|
|
|
|
|---|
APRR : La cour d'appel entendra les avocats en mars
| 0 Commentaire(s) |
|
|---|
La cour d'appel de Paris a reçu l'avis du tribunal administratif
Montebourg conteste le retrait obligatoire des actions APPR demandé par Eiffage
La part du département de Saône-et-Loire au capital au coeur du débat
Plaidoiries des avocats fixées au 15 mars 2012
PARIS, 8 novembre (Reuters) - La cour d'appel de Paris a fixé au 15 mars 2012 la date des plaidoiries des avocats sur le retrait obligatoire des actions APRR , demandé par Eiffage mais contesté par le député socialiste Arnaud Montebourg, a-t-on appris mardi de source judiciaire.

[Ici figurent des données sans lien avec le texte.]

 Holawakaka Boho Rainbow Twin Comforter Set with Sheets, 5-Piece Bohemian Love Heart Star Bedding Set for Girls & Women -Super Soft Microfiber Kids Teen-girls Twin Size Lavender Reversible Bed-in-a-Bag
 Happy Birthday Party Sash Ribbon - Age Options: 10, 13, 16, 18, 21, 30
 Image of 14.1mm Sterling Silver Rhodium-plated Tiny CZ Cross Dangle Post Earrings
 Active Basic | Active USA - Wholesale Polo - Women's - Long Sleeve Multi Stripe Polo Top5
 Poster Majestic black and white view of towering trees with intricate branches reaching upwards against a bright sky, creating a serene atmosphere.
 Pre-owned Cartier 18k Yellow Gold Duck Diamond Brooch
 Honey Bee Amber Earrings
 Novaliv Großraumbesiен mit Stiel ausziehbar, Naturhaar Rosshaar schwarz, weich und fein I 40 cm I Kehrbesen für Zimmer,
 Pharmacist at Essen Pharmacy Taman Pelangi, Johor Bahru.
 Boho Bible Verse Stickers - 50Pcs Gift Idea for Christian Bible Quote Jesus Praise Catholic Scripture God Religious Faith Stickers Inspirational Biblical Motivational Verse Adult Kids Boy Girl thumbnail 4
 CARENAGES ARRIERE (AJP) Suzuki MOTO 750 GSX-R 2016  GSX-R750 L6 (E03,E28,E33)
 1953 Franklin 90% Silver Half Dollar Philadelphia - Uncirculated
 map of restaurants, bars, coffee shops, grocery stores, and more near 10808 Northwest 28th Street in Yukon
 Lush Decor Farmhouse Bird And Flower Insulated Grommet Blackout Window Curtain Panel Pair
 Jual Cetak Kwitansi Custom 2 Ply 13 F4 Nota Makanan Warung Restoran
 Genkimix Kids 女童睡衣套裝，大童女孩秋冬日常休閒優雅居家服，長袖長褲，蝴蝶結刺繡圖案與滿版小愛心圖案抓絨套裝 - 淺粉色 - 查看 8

Fin mars, la cour s'était tournée vers le tribunal administratif de Paris pour qu'il lui donne son avis sur ce dossier inédit dans le droit boursier français.
"L'avis est bien revenu", a ajouté la source. "Mais l'audience d'aujourd'hui était uniquement une audience de mise en état pour faire le point sur le dossier."
Une porte-parole d'Eiffage a confirmé que le prochain rendez-vous était fixé au 15 mars.
La source judiciaire a précisé qu'il n'était pas certain que la cour d'appel rende à cette occasion son arrêt dans ce bras de fer que le groupe de BTP et le président du conseil général de Saône-et-Loire se livrent maintenant depuis plus d'un an. Elle a également indiqué que l'avis du tribunal administratif n'était pas public.
Autoroutes Paris Rhin Rhône, filiale d'Eiffarie, elle-même coentreprise entre Eiffage et la banque d'investissement australienne Macquarie , fait l'objet depuis septembre 2010 d'une OPR suivie d'un retrait obligatoire des actions au prix de 54,16 euros à des fins de simplification.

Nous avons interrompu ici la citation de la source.